AFAIK, the model in some countries is as follows. Base level service (i.e, performing minimal job requirement) gets reimbursed normal wage by the employer. Going an extra mile in service often gets an optional tip (i.e, since worker did more than required, customer adds more than required).

US model seems more like this. Base level service gets below minimum wage from employer, plus a tip, that while strictly contractually optional, is considered virtually mandatory from a social standpoint and often considered part of their basic wage. Higher level service gets a bigger tip.


----------



## Illini (Mar 14, 2019)

I'll give up my desire and expectations of tips as soon as the two platforms increase the pay rates.


----------



## steveK2016 (Jul 31, 2016)

BBslider001 said:


> Cancel....do it all the time. My car doesn't fit four nicely anyways, and since it's my wife's car that I use part-time,I keep the abuse to a minimum.


So you cancel in front of the pax as they scratch their head why youre denying 4 pax? 4 pax cant fit comfortably but 3 is fine in the back seat? How will the 4th be any less comfortable in the front seat?

What car do you drive? It wont take but a few reports before Uber will take note. You are required to take 4 pax if you qualify for Uber X.


----------



## BBslider001 (Apr 24, 2019)

steveK2016 said:


> So you cancel in front of the pax as they scratch their head why youre denying 4 pax? 4 pax cant fit comfortably but 3 is fine in the back seat? How will the 4th be any less comfortable in the front seat?
> 
> What car do you drive? It wont take but a few reports before Uber will take note. You are required to take 4 pax if you qualify for Uber X.

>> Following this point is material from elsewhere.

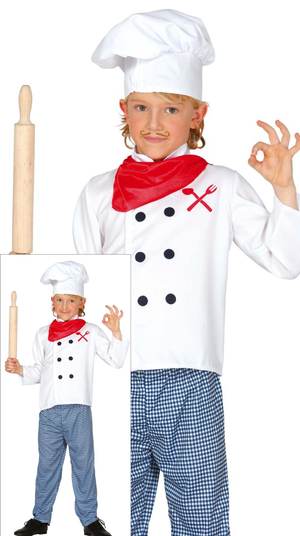 Costume Chef Travestimento Cuoco Unisex Carnevale Cosplay Feste in Maschera - 8336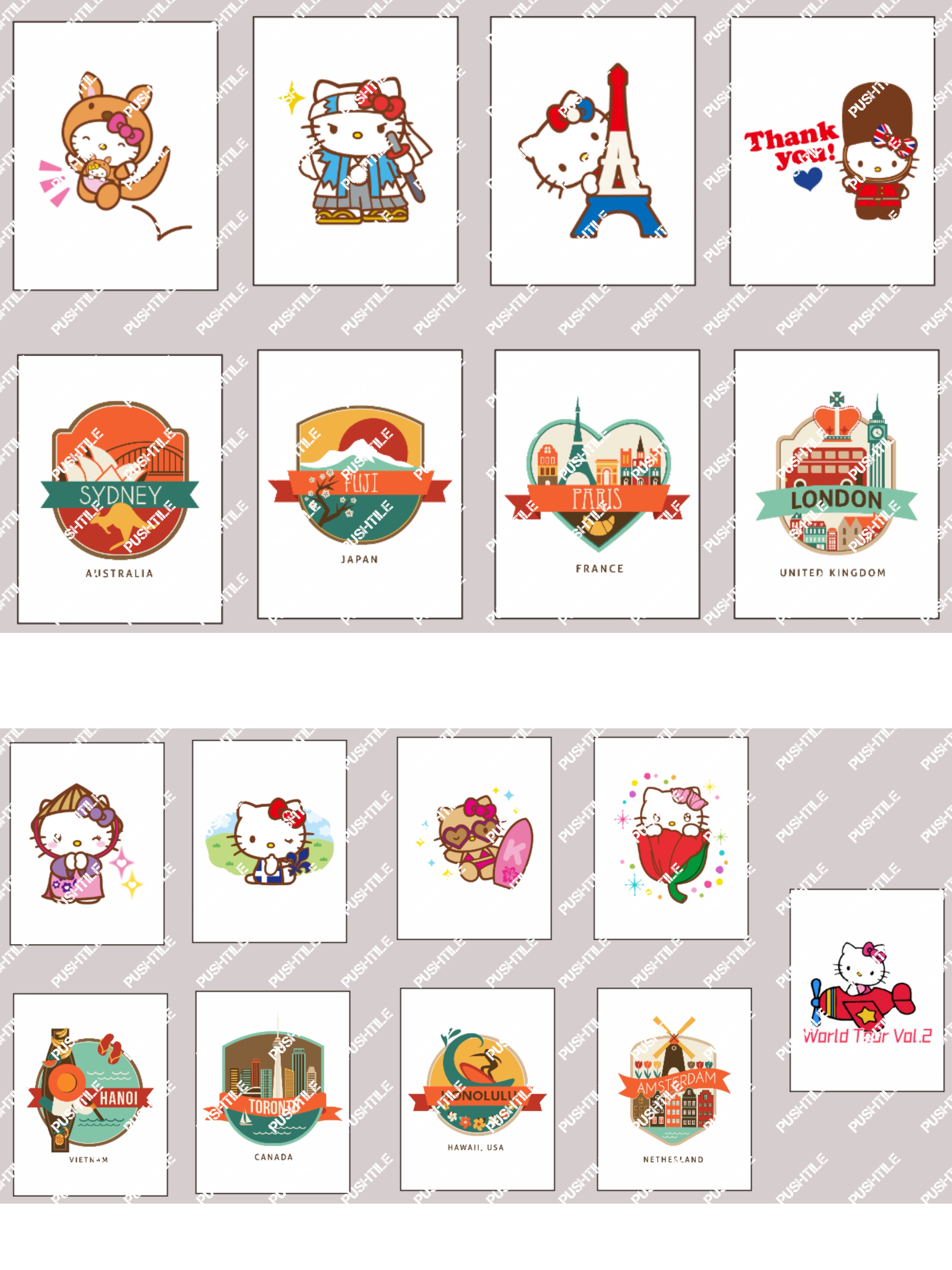 Push Tile Game 2 Player Set（ Sanrio HK World Tour - Vol.2 ）65 Tiles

Heads up, I'm not required to do a damn thing. I work for myself and not for Uber. If I choose the situation is deemed unsafe based on the number of passengers or too much luggage or whatever my discretion tells me, I cancel and I drive off. That is is my discretion.


----------



## steveK2016 (Jul 31, 2016)

reg barclay said:


> AFAIK, the model in some countries is as follows. Base level service (i.e, performing minimal job requirement) gets reimbursed normal wage by the employer. Going an extra mile in service often gets an optional tip (i.e, since worker did a little more than required, customer adds a little more than required).
> 
> US model seems more like this. Base level service gets below minimum wage from employer, plus a tip, that while strictly contractually optional, is considered virtually mandatory from a social standpoint and often considered part of their basic wage. Higher level service gets a bigger tip.


One thing You ommitted. In the us, per federal law, the service employee making below minimum wage will be paid minimum wage by their employer if the tips do not add up to minimum wage. So even without tips, the US Services will recieve the base pay.

They are guaranteed minimum wage. Period. It's still not my job to ensure that they are being paid according to their skill and service. That responsibility is that of their employer. A customer should not have to subsidize their income.



BBslider001 said:


> Heads up, I'm not required to do a damn thing. I work for myself and not for Uber. If I choose the situation is deemed unsafe based on the number of passengers or too much luggage or whatever my discretion tells me, I cancel and I drive off. That is is my discretion.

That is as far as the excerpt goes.